[[ DATASET ENTRIES open ]]
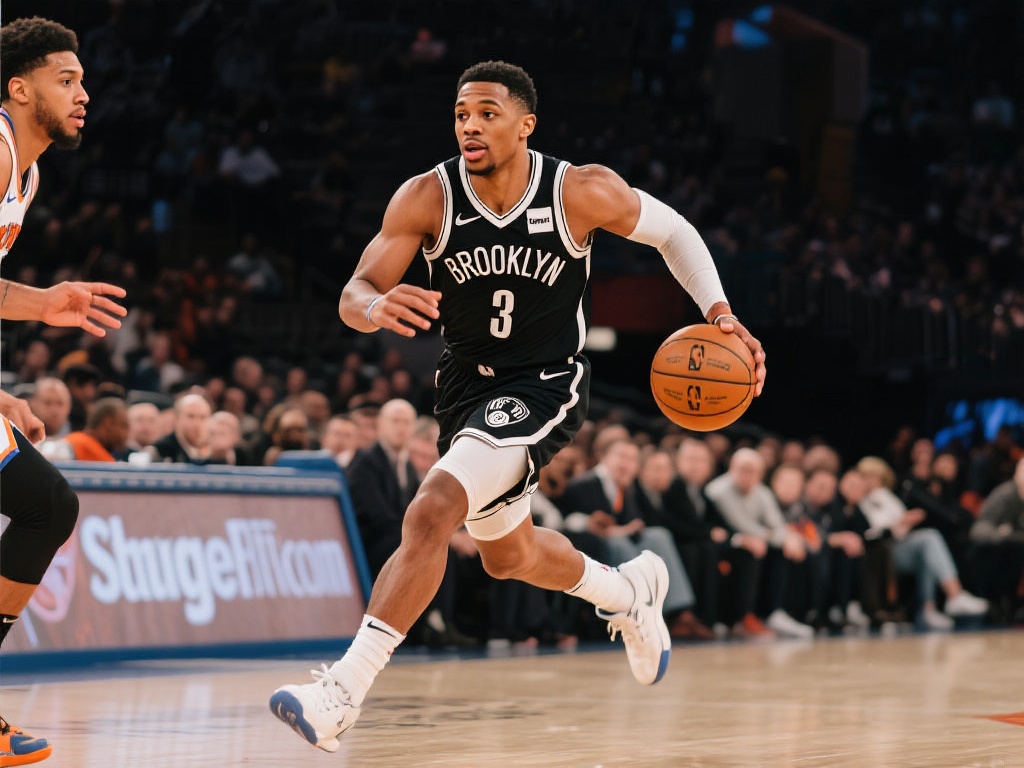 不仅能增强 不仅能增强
[[ DATASET ENTRIES closed ]]
[[ DATASET ENTRIES open ]]
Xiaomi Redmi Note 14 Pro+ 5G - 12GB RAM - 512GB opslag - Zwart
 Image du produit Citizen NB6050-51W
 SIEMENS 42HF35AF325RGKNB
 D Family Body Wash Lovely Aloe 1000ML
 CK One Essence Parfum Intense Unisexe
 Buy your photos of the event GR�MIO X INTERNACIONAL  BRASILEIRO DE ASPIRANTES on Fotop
[[ DATASET ENTRIES closed ]]
[[ DATASET ENTRIES open ]]
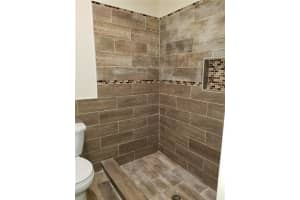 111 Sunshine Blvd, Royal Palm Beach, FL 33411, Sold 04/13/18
[[ DATASET ENTRIES closed ]]
» WHAT THE TASK ASKS: In the entries above, find the line with "CK One Essence Parfum Intense Unisexe" and the line with "Buy your photos", then set down exactly those two and every line between them, nothing else.

» RESPONSE FOR THIS EXERCISE:
 CK One Essence Parfum Intense Unisexe
 Buy your photos of the event GR�MIO X INTERNACIONAL  BRASILEIRO DE ASPIRANTES on Fotop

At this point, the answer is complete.